And why have I not found this before?  I am not going back to French croissant recipes.  This had vanilla and orange in it with a lightness that was not dry.  Just lovely.  I talked about them to Mr. Bert while I was making them.  He grew up for part of his childhood in a neighborhood in New York City that was full of Italian grandmothers.  He said to add a bit of cinnamon.  I will have to try that at some point.  Might even do that with the vanilla and orange.  

I was thinking about making more this weekend even though I have not finished all I made last week.  That is telling too.  More butter and flour for the grocery budget.  Oh well!  That is just part of my life.

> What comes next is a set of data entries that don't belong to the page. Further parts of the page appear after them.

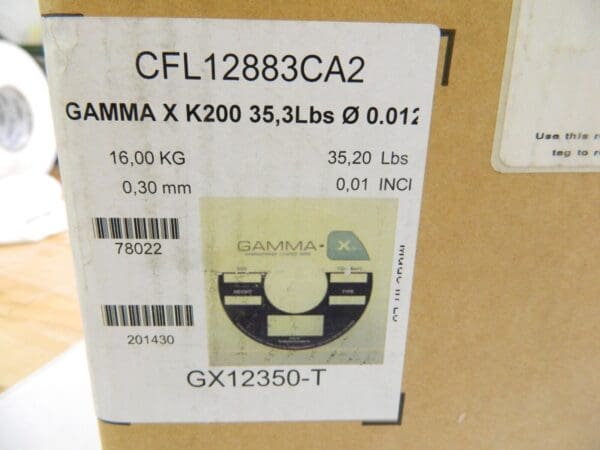 Gamma Copper Coated, (EDM) Wire 0.30 mm 0.01" 35.2 Lbs 16,00 KG GX12350-T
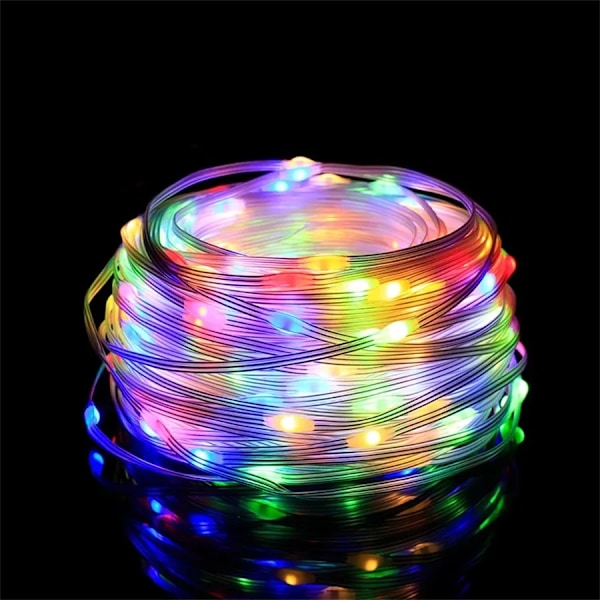 15M LED Bluetooth Fjärrkontroll USB Garland Lampa RGB Julbelysning 15M-150 led
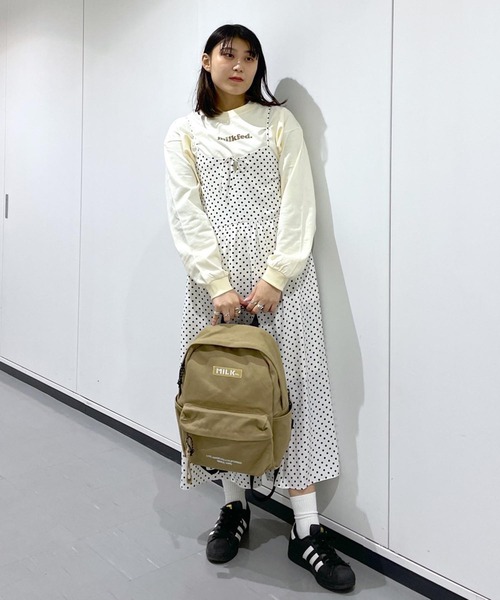 MILKFED.（ミルクフェド）の「POLKA DOT CAMISOLE ALL IN ONE（つなぎ/オールインワン・レディース・ホワイト/ネイビー・ONE SIZE）」の19枚目の写真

Note:  This has other names as well if you search Italian croissant.  All similar.  I modified Milk and Honey's recipe to use sourdough as the yeast.

sourdough starter

1 cup flour

3/4 cup water

1/2 cup milk

5 tablespoons granulated sugar

2 1/2 tablespoons butter

1/4 teaspoon salt

2 eggs

finely grated zest of one orange

1 tablespoon vanilla

about 5 cups flour

8 ounces butter

1 egg, beaten

sugar for sprinkling

The night or morning before, mix sourdough with 1 cup flour and 3/4 cup water in a large bowl.  Cover and let get bubbly.  When bubbling nicely, remove a couple tablespoons of starter for next time.  This is what is known as a bigas in Italian baking.

To the bigas, add milk, 5 tablespoons sugar, 2 1/2 tablespoons butter, 2 eggs, orange zest, vanilla, and two cups flour.  Cover and let get bubbly.  An hour or two.

To the sponge, add the salt and two cups flour.  You should have a stiff soft dough.  It will be very rough.  Turn out onto a counter and knead.  You wish a smooth dough like a baby's bottom and adding as little flour as possible.  I find keeping my hands clean helps.  Place in a clean bowl (clean out the one you have been using, big chunks gone is okay) and cover.  Let rise about three hours or put in the refrigerator for overnight.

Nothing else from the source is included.